Rise, per il suo paragone: un riso franco, direi rubicondo; del quale lo credevo incapace: ma la felicità può fare miracoli. Ed egli capiva già che il miracolo si poteva forse aspettarlo da me.
E si cammina, sulla strada chiara, ghiaiosa, costeggiando il fiume che pare ci venga incontro salutandoci con simpatia. Ecco la chiesa, accompagnata, a sinistra, cioè dall’angolo della facciata in su lungo lo spiazzo, dalla nera e scrostata casa parrocchiale, come da un’arcigna vecchia che neppure i raggi del sole riescono a rallegrare. L’abside, invece, a destra, verso il paese, tutta rosea della nuova luce, ha una dolcezza romantica di antica torre; si lascia circondare dalle erbe selvatiche, e rivestire, fra pietra e pietra, da ciuffi di rampicanti, di edera, di capperi.

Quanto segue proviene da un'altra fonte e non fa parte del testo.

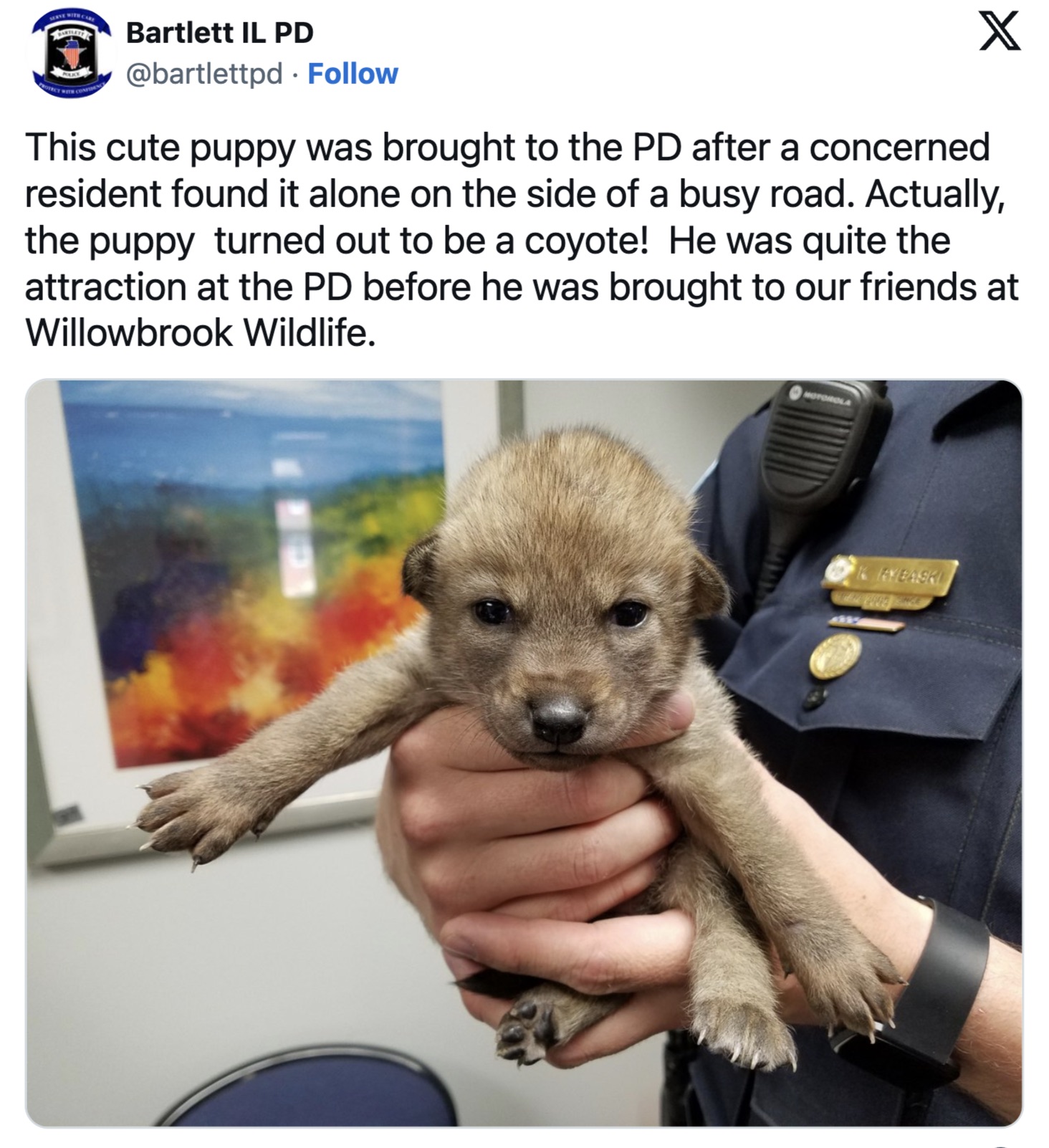 pet coyote - Bartlett Il Pd . X This cute puppy was brought to the Pd after a concerned resident found it alone on the side of a busy road. Actually, the puppy turned out to be a coyote! He was quite the attraction at the Pd before he was brought to our f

Vincendo la sua falsa modestia, don Achille comincia a spiegare:
— La prima abside era poligonale, come lo indicano le fondamenta: quando la chiesa fu, una prima volta, restaurata, l’abside fu invece, ridotta circolare: e la prima doveva essere molto più spaziosa, poiché scavi eseguiti posteriormente lasciarono scorgere un altro dei pilastri divisori e la prosecuzione del fianco meridionale.